In the same regard, in a statement to Al Arabiya, Benkirane stressed that his party will lead the country through its political rather than religious perspective, stressing that the religious discourse should take place in the mosque. “We are a party that is involved in politics and we will not interfere in people’s personal lives,” he added.
In response to a question raised by the Al Arabiya correspondent regarding the possibility of imposing the veil or Nikab on women, the Secretary General of the PJD said: “We will do so if we want to totally fail.” He went on to say that “we will not interfere in people’s choices. We will not impose the veil on any woman, if we are serious about success.”
The general secretariat of the PJD held a meeting on Saturday night to discuss the provisional results declared by the Ministry of Interior, which has so far resulted in a victory of 80 seats for the party out of 288 seats.
In an interview with the TV station 2M, Abdelilah Benkirane said that his party “is ready to form coalitions with the parties of the Koutla” (an alliance composed of the Independence Party, the Socialist Union of Popular Forces and the Progress and Socialism Party). He added that “the party remains open to other political parties, save for one political party with which we had big differences”, in a reference to the Party of Authenticity and Modernity (PAM).
Forty-five percent of the 13.4 million eligible voters participated in these elections to choose the 395-seat parliament.

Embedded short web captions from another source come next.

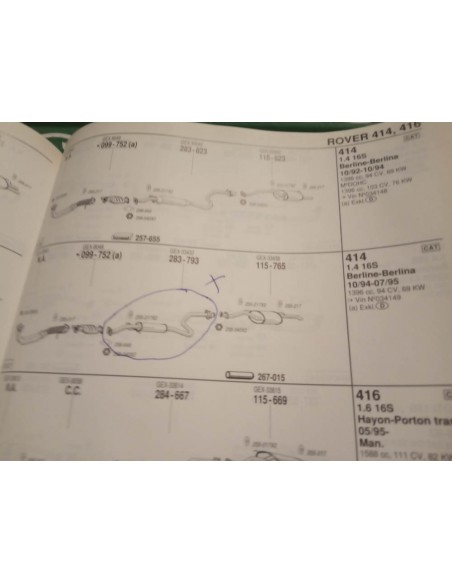 SILENCIOSO INTERMEDIO ESCAPE ROVER 214 Y 414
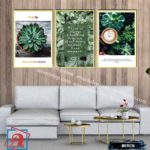 Bộ 3 tranh canvas treo tường Decor Hoa lá phong cách scandinavian - DC076 - Ảnh 2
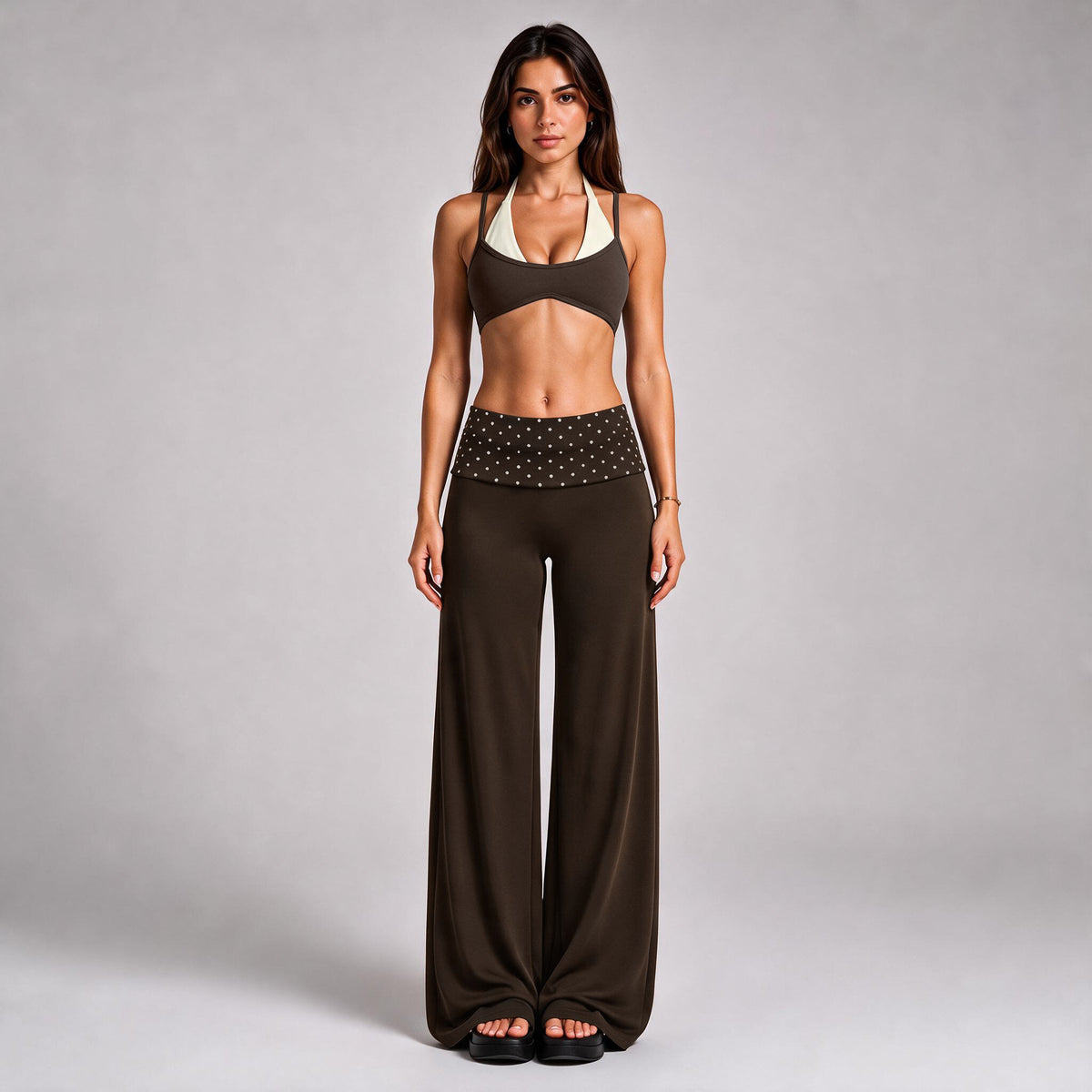 Wholesale Women’s Polka Dot Activewear Set | Backless Yoga Tank & Contrast-Trim Workout Trousers | fouregg - Pants + underwear, root-protecting brown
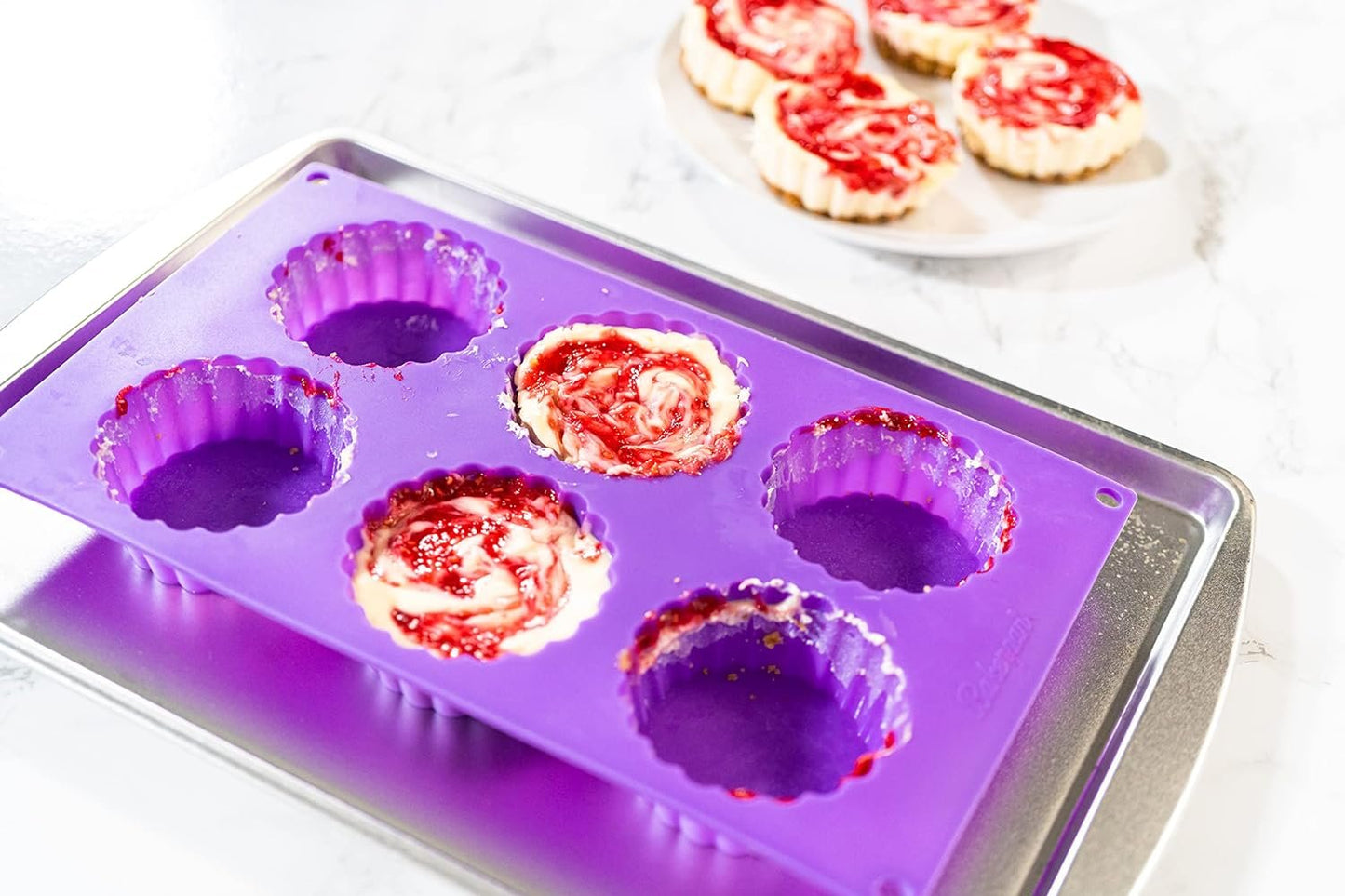 Bakerpan Silicone Mini Tart Pans for Baking, Mini Pies, Mini Cheesecakes, Quiche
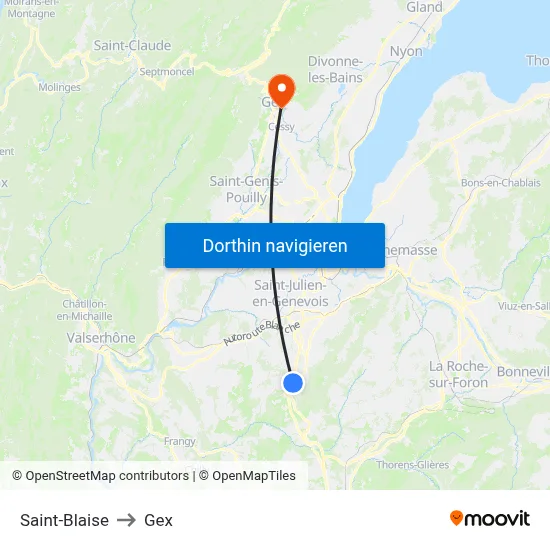 Saint-Blaise to Gex map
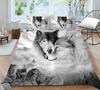 Комплект с принтом животных 3D цифровая печать пододеяльник, постельное белье набор из трех предметов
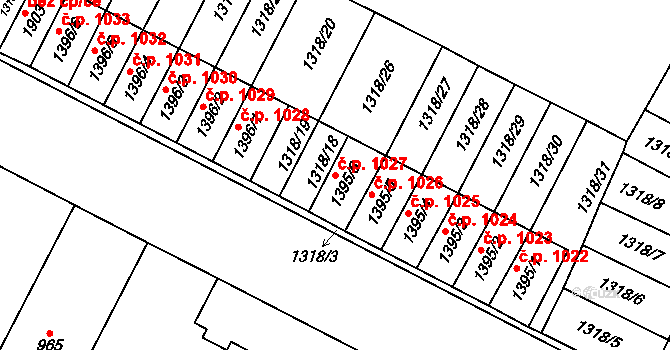 Litovel 1027 na parcele st. 1395/6 v KÚ Litovel, Katastrální mapa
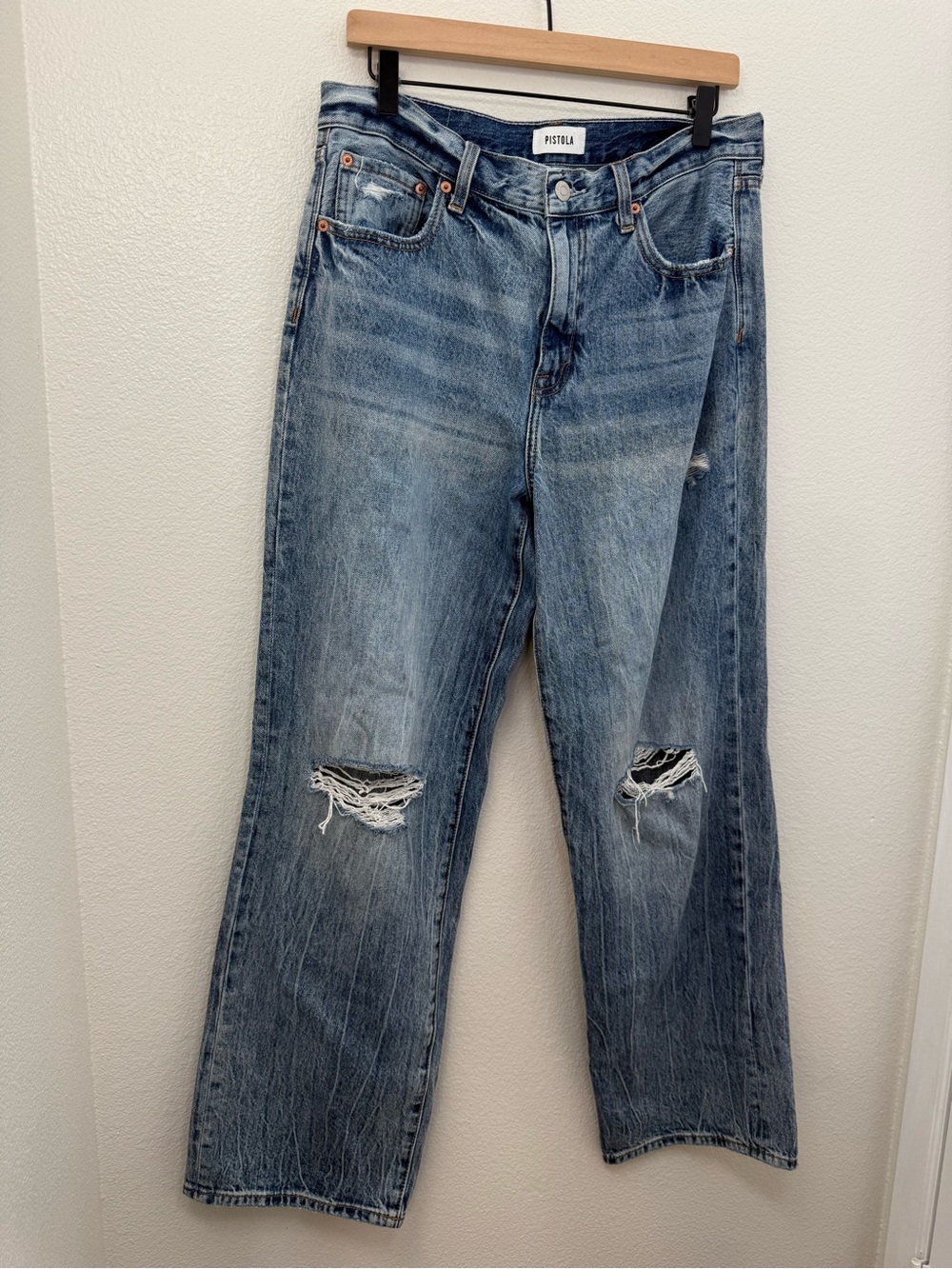 Pistola Jeans Cassie Super High Rise Straight Distressed Jean Size 30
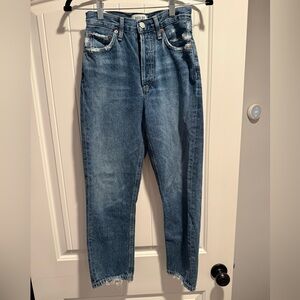 AGOLDE Riley High Rise Straight Crop Jeans in Frequency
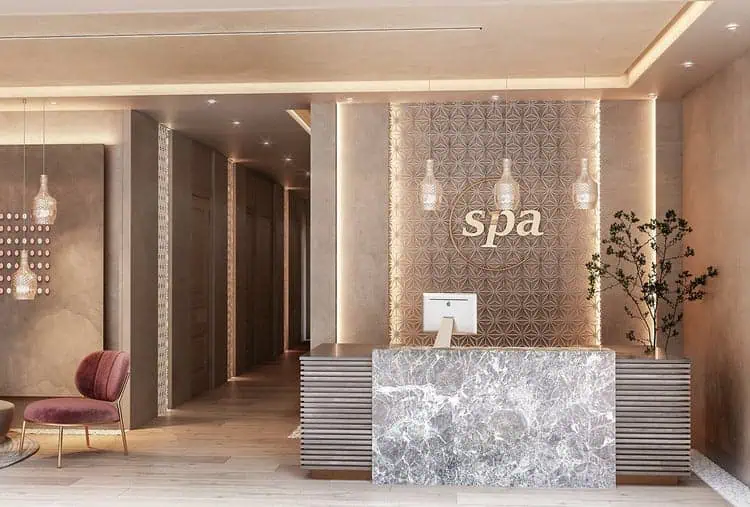 Quầy lễ tân spa mini sang trọng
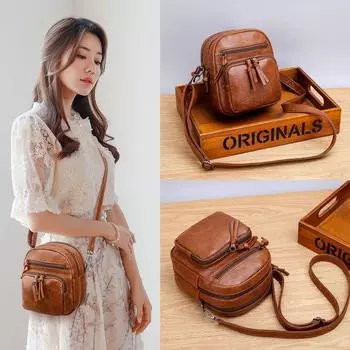 Большая вместительная 3-слойная женская сумка через плечо, модная маленькая сумка на плечо, женская маленькая винтажная сумка из мягкой кожи, женская мини-болса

For the first time in Morocco’s history, 60 seats were offered to women and 30 seats to young candidates under the age of 40.
Thirty-one parties were competing for the 395 seats in the lower house of parliament, 70 seats more than during the last election in 2007.
The polls were overseen by 4,000 observers, representing international and national bodies.
Following the victory of the PJD in the legislative elections, reactions of Moroccans were mixed between hope for a better future under the upcoming government and fear that the latter would impose a strict moral code on society.
Some people contacted by Morocco World News on Saturday expressed their happiness to see the PJD emerge as the winner of the elections, saying that it was their last hope for Moroccans to dig the country out of the hole in which many years of mismanagement, nepotism and corruption had plunged the country. “It is the lesser of two evils”, said one Moroccan living in the United States, who preferred to speak on the condition of anonymity, adding, that the PJD has a “good reputation among Moroccans for being clean and being composed of highly educated and competent people”.
Conversely, others expressed their fear that the PJD might pose a threat to the modern way of life of Moroccans and their tolerance for other religions.
“I am afraid the PJD is hiding its real agenda and is playing a populist card,” said Houda, a resident from Casablanca who asked that her last name not be given. “What causes great concern for me, is the impact that this election will have on the image of Morocco at the international level, especially on the tourism sector, which is the main source of income of the country,” she added.
After the announcement of the provisional results of the parliamentary elections, Secretary General of the PJD, Abdelillah Benkirane, told the press, that his party will uphold Morocco’s longstanding relations with the US and the EU. “What we claim, today, is to work together, in a democratic way, within the framework of balanced ties,” he said.
Benkirane also stressed the need for Morocco to further reinforce relations with Arab, African and Muslim countries.